Excerpted records:
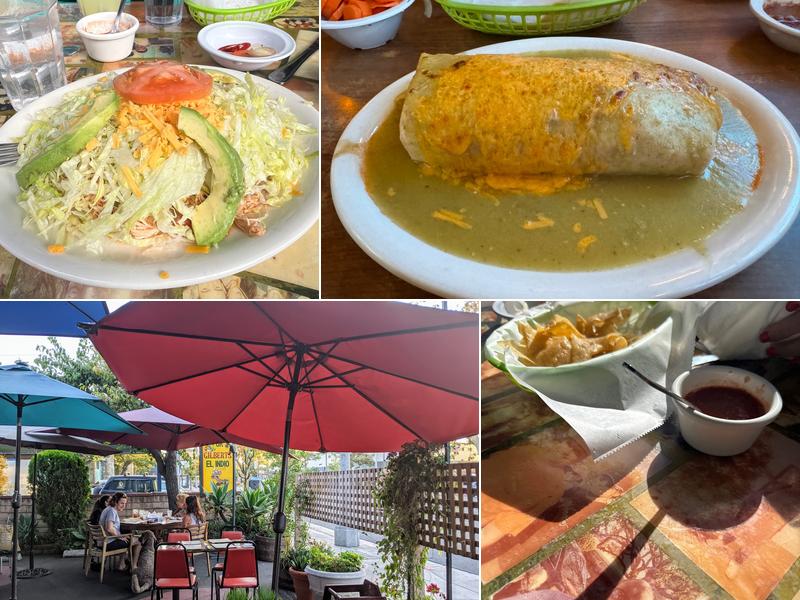 Gilbert's El Indio Restaurant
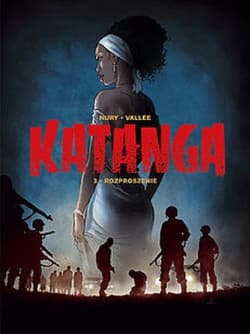 Katanga 3 Rozproszenie - Nury Fabien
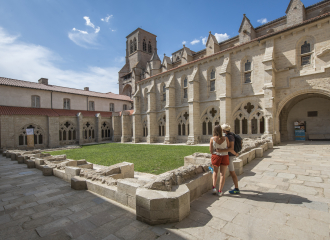 Parcours muséographique de l'abbaye de La Chaise-Dieu_La Chaise-Dieu_2019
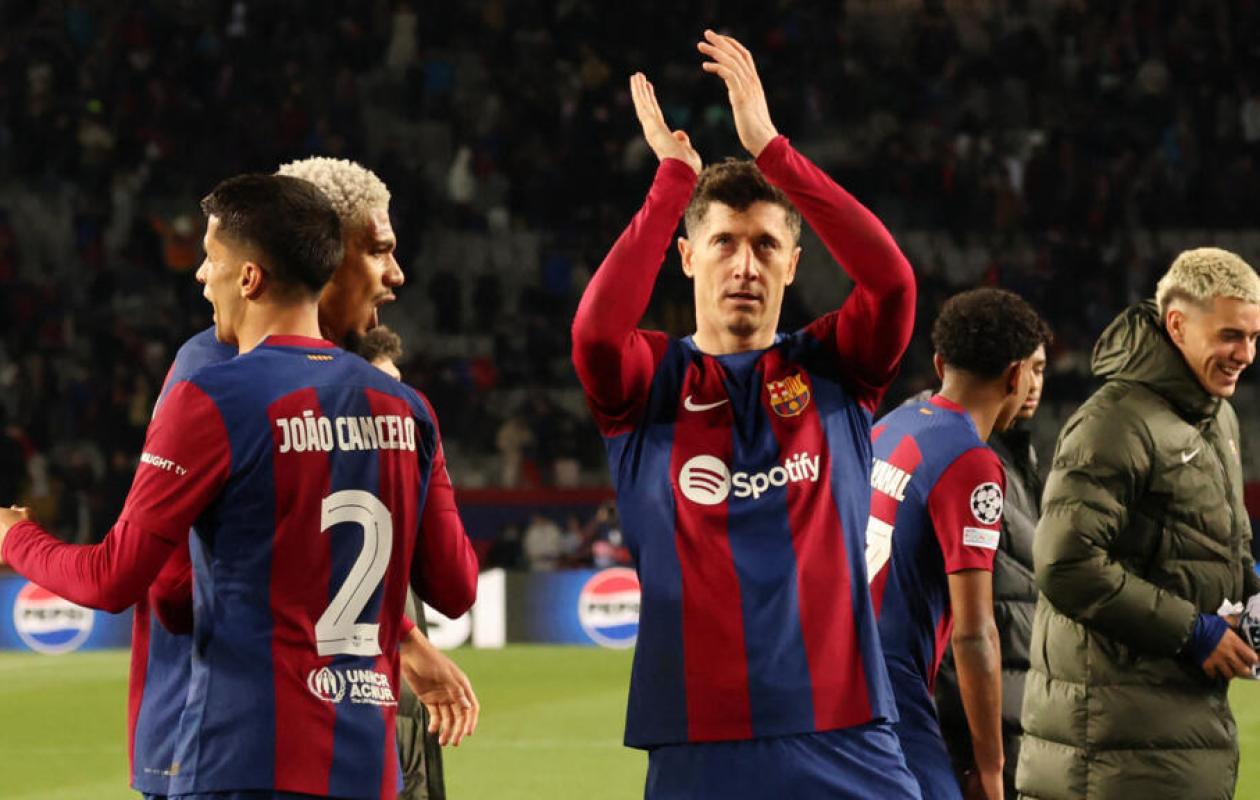 Ligue des champions / 7e journée : le Bayern rejoint Arsenal en 8es, Barcelone se relance, Marseille chute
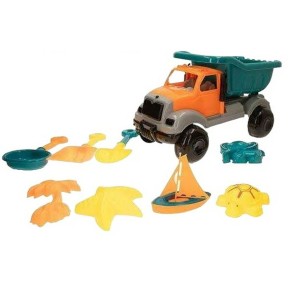 Set di giocattoli per il mare Colorbaby 40 cm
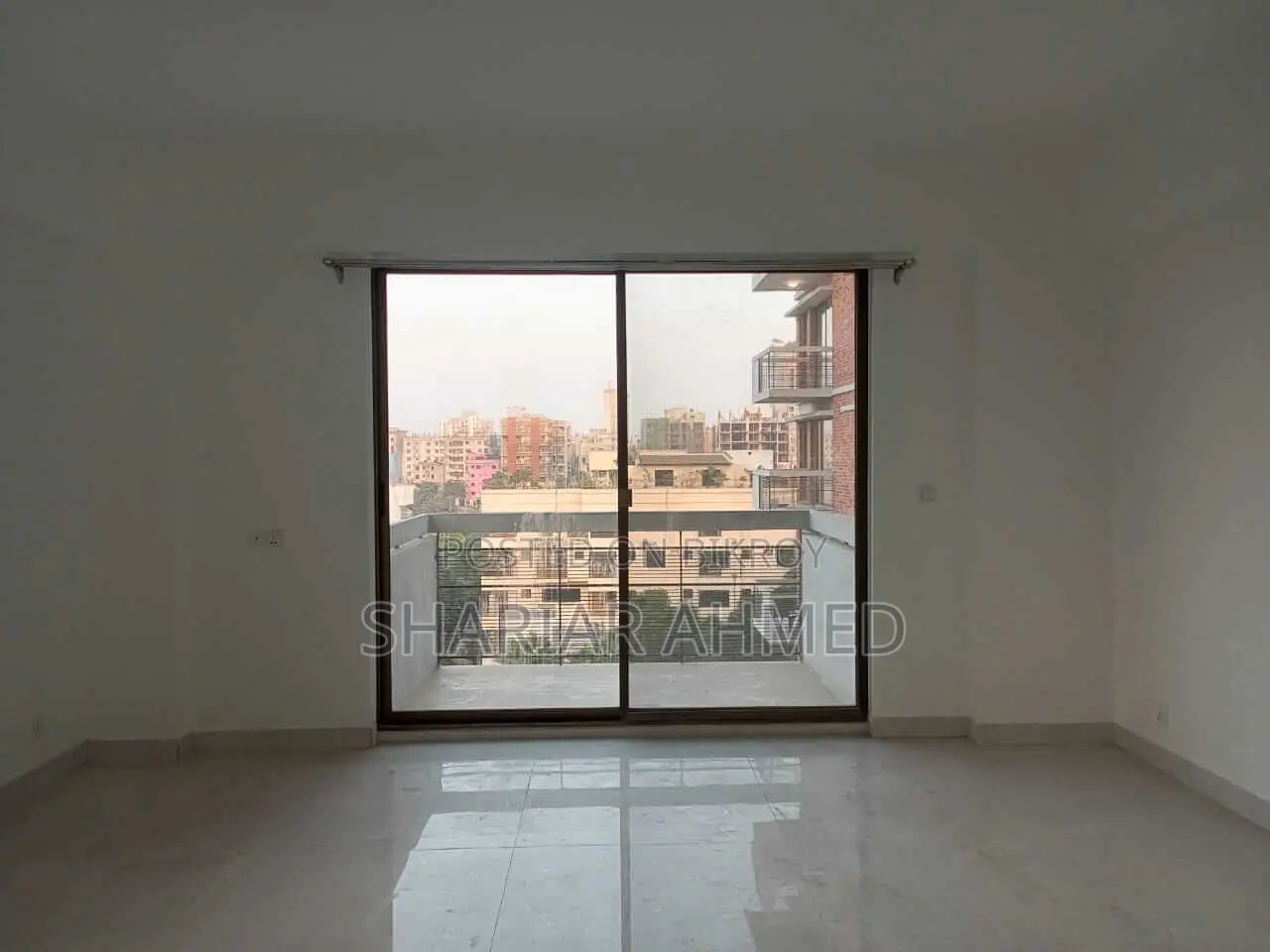 4000 SQFT | South Facing Brand New Apartment for Rent in GULSHAN in Gulshan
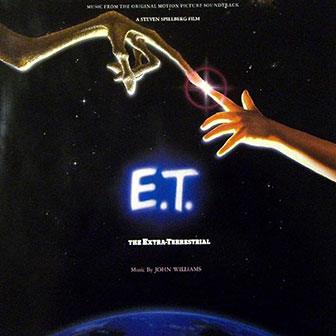 "E.T. The Extra-Terrestrial" soundtrack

What needs to be done: Your task is to reproduce every record exactly while omitting the pictures.

Exercise output:
 Gilbert's El Indio Restaurant
 Katanga 3 Rozproszenie - Nury Fabien
 Parcours muséographique de l'abbaye de La Chaise-Dieu_La Chaise-Dieu_2019
 Ligue des champions / 7e journée : le Bayern rejoint Arsenal en 8es, Barcelone se relance, Marseille chute
 Set di giocattoli per il mare Colorbaby 40 cm
 4000 SQFT | South Facing Brand New Apartment for Rent in GULSHAN in Gulshan
 "E.T. The Extra-Terrestrial" soundtrack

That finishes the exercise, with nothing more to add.